O plenário da Corte começou a analisar o caso em 27 de fevereiro, mas o julgamento foi suspenso após as manifestações da Procuradoria-Geral da República (PGR) e da Advocacia-Geral da União (AGU).

Com Estados e municípios em crise, cresce a pressão para que os ministros do Supremo adotem uma posição que proporcione algum um alívio aos cofres públicos. Relator das ações, o ministro Alexandre de Moraes já afirmou que, apesar do atual cenário, cabe à Corte interpretar a Constituição, e não fazer o que vem sendo chamado de "jurisprudência da crise".

De acordo com o artigo 23 da LRF, Estados que comprometessem mais de 60% de suas receitas com despesas de pessoal poderiam reduzir a jornada de trabalho de funcionários públicos e cortar salários, proporcionalmente. Esse ponto, no entanto, foi suspenso em 2002 por decisão do Supremo.

Em fevereiro, quando o plenário começou a julgar o caso, a procuradora-geral da República, Raquel Dodge, destacou em plenário a importância da lei para garantir o equilíbrio fiscal dos entes da federação, mas defendeu a inconstitucionalidade de cinco dispositivos da norma.

Um dos artigos considerados inconstitucionais pela PGR foi justamente o 23. Segundo ela, a Constituição prevê que a redução da jornada só pode acontecer mediante consentimento do empregado. "Ineficiência do gestor não pode ser resolvida por redução de salários, não porque queiramos, mas porque a Constituição não permite", disse Dodge na época.

Outro ponto questionado na manifestação da PGR é o artigo que estabelece regras imutáveis no modo como o dinheiro público vai ser gasto, em vez de apenas estabelecer referências percentuais que podem auxiliar na gestão da coisa pública. "Agindo assim, a norma dita à entidade federada a forma como ela vai gastar seus próprios recursos, ferindo o princípio federativo", argumentou.

No polo oposto, a AGU, representada em fevereiro pela secretária-geral do Contencioso, Izabel Vinchon, defendeu a validade da medida.

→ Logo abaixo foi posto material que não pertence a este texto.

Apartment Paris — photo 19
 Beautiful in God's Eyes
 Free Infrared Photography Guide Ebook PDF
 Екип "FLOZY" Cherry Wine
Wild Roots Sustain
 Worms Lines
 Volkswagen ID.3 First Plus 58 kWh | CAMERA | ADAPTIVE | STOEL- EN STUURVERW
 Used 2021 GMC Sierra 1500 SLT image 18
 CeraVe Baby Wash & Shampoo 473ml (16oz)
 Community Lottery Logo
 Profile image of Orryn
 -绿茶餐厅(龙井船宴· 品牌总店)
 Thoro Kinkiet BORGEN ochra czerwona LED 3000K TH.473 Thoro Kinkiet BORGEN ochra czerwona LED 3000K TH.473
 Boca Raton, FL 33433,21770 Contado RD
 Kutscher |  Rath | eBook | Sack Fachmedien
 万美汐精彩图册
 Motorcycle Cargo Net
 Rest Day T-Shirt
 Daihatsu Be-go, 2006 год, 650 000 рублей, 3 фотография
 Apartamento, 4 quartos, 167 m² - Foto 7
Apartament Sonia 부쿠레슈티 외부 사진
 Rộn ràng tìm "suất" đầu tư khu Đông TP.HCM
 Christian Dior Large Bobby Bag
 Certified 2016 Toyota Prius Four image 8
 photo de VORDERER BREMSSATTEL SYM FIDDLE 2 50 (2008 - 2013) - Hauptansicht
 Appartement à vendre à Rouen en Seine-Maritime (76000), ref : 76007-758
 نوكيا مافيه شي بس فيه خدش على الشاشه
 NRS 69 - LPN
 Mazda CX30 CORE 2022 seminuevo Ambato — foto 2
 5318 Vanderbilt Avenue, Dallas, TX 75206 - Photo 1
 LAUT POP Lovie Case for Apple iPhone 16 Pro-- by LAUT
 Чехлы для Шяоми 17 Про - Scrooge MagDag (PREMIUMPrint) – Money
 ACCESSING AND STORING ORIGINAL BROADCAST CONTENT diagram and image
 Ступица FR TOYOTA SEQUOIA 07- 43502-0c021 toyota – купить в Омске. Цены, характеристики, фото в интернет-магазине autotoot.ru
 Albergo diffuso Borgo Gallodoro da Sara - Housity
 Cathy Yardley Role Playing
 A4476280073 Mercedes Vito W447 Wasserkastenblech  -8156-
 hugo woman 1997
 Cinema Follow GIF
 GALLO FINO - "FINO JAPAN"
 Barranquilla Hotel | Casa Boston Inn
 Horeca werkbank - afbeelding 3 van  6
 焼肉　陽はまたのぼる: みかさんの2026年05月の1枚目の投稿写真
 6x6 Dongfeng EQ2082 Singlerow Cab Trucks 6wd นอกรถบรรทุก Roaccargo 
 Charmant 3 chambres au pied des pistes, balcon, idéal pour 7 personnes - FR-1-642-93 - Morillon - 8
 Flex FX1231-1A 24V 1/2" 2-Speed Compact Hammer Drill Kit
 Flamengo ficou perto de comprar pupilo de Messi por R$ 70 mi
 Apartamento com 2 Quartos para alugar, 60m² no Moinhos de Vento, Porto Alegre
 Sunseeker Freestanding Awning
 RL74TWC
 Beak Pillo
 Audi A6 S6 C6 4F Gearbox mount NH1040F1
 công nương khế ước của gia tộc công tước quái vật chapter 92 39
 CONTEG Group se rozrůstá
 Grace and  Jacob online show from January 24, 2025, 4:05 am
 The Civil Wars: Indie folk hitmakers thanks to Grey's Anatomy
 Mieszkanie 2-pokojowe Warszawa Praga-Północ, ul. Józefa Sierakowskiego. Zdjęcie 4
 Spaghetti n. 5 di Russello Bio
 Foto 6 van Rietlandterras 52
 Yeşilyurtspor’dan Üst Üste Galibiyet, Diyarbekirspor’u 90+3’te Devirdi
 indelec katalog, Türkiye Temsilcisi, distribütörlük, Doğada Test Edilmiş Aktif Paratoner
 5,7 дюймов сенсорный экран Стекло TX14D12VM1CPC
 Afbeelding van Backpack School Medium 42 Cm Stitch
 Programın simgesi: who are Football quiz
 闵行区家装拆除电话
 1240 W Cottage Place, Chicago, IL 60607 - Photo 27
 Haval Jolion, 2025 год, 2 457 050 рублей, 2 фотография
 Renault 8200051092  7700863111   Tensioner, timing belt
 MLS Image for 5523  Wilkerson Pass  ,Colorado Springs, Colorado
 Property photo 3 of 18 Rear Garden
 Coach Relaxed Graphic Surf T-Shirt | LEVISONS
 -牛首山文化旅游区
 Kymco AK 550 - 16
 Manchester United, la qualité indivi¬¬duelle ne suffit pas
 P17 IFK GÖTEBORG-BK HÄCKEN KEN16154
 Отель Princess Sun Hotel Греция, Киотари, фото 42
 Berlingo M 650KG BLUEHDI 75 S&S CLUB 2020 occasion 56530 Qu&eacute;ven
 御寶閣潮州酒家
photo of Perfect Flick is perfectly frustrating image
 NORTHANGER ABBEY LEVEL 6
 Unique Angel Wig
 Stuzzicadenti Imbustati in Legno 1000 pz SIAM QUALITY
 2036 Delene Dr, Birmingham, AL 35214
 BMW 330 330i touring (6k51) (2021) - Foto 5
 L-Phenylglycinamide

Segundo ela, a LRF teve efeitos "saneadores e positivos, mas é certo que a lei se encontra sem a sua plena aplicabilidade" devido aos dispositivos suspensos pelo Supremo.

"Trata-se de uma alternativa menos gravosa ao servidor público, sobretudo em momento de recessão econômica, uma vez que a demissão de servidores antigos, vinculados com frequência a regime previdenciário mais vantajoso, seguida de contratação de novos com remuneração frequentemente inferior e regime previdenciário menos vantajoso, seria inclusive mais fácil para os gestores", afirmou a AGU em memorial distribuído aos ministros do Supremo.

Ainda de acordo com a União, a limitação do empenho de outros Poderes é uma solução dada pela LRF para eventuais omissões na contenção das despesas que faz do Poder Executivo um mero aplicador da lei. "Ou seja, se o Legislativo, o Judiciário, o Ministério Público e demais entes autônomos não realizarem a limitação de empenho quando verificado que a receita não comportará o cumprimento das metas de resultado, o Poder Executivo está autorizado a realizar a limitação de empenho nos moldes da Lei de Diretrizes Orçamentárias."

Apesar de estar na pauta de julgamento de quinta-feira, há a possibilidade de o debate sobre a LRF ser adiado mais uma vez, já que no dia anterior os ministros devem se debruçar sobre outra matéria complexa: a necessidade ou não da autorização do Congresso para a privatização de estatais e suas subsidiárias.